Don't worry folks, about the forthcoming global cooling. I'm sure the ecomentalists will blame it on global warming.
Plus, to add to the taxes on using carbon fuels, there will be further taxes on NOT using carbon fuels, to offset the global cooling caused by the global warming ... the climate change ... the ... errr ... something evil caused by capitalists.
Confused? So is every brain-dead religoid marxoid anti-scientific state-worshipping Gaia-worshipping environmentalist, in the world. But don't worry. None of them have any brains, just PhDs in politics and sociology, or great big chips on both shoulders because daddy didn't love them enough (if mummy bothered telling them who daddy was). Boo hoo.
Why have one tax where two taxes will do?
Homework essay: Define scientific falsifiability (and its applicability to the 'global warming' debate or lack thereof)
2 comments:
"Falsifiability (or refutability) is the logical possibility that an assertion can be shown false by an observation or a physical experiment"
Interestingly, I've heard the same claim levelled against Austrian economics. The issue revolves around the expression of preferences. Critics say that since Austrian econ claims that preferences are only ever revealed by action, it is not falsifiable. There is no outcome (even inaction) that can disprove the theory and therefore it is, like global warming, of no predictive value scientifically.
Refutations are left as an exercise for the reader.

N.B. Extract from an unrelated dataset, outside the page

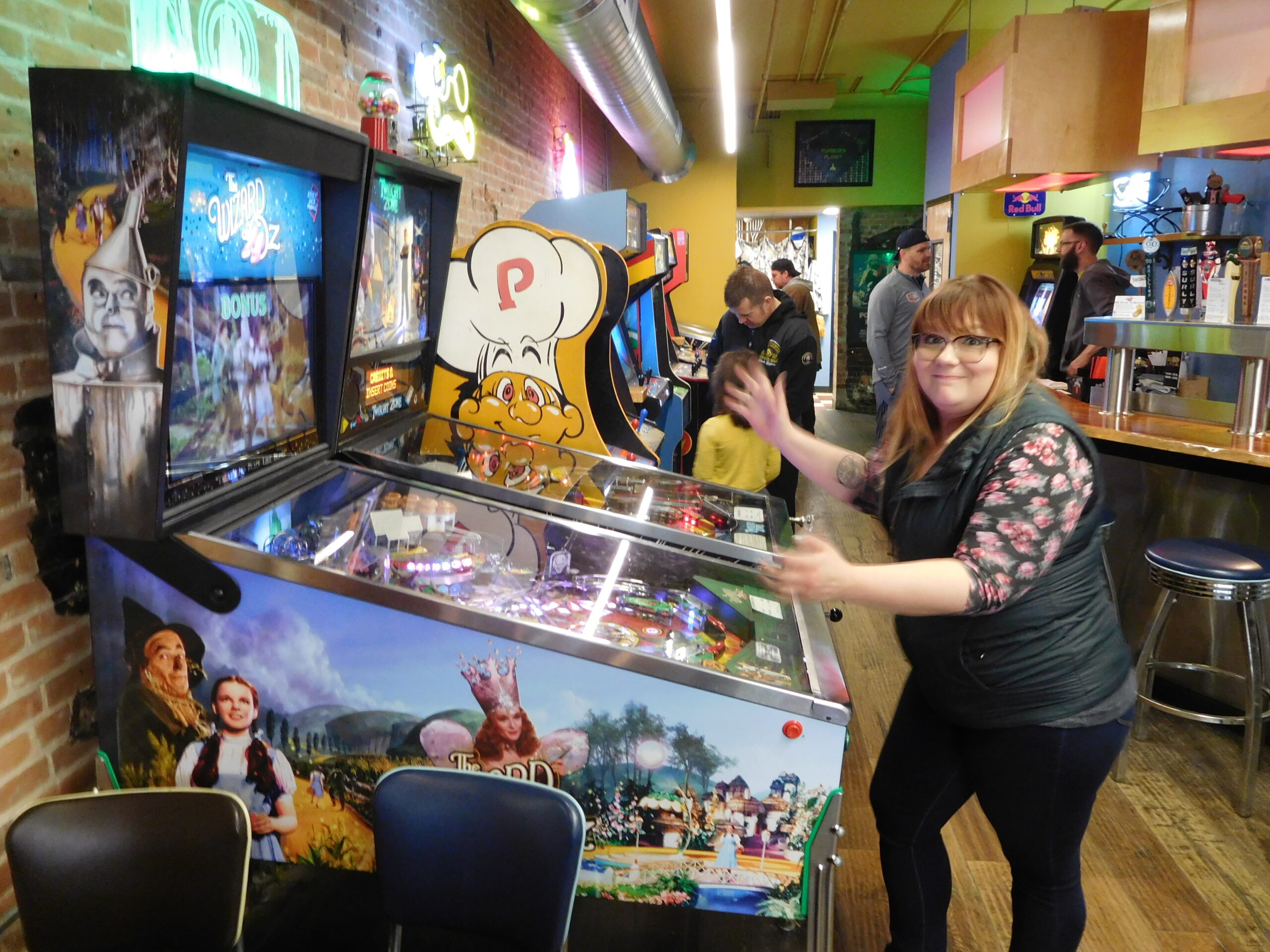 Jessica Bertling loses her ball playing Wizard of Oz pinball machine in Iowa City, IA.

Well, that's because, as with mathematics, Austrian economics is an 'a priori' science. I don't need to prove to you that 2+2=4 by adding an endless sequence of sand grains from a beach together, until eventually I add two grains to another two grains, to equal five grains, thereby disproving the assertion 2+2=4.
You accept the assertion 2+2=4 on its logical 'a priori' basis, without the need for further demonstrable proof.
The descent of economics into logical positivism (as physics is to mathematics) is, according the Austrians, a mistake.
You accept Austrian axioms as 'a priori' statements, or you do not. They do not need to be proved via experiment.
If you do not accept them, and demand proof (e.g. that a minimum wage will increase unemployment) then you are on the road to Milton Friedmanism and the Chicago School.
Strangely enough, of course, Austrianism does make predictions and usually gets things right, in the long run.
Whereas logical positivists who demand proof for everything generally get everything wrong, in both the short and the long run.
Discuss.
Anyhow, that's all a bit heavy after a nice afternoon on the beach. I do know that I now prefer Becks beer to Heineken beer, and that I will never touch Fosters beer again, but I cannot 'prove' the assertion that Becks is better than Fosters in any 'Objective' sense.
I'll just be damned if I ever let another drop of this poison pass my lips again.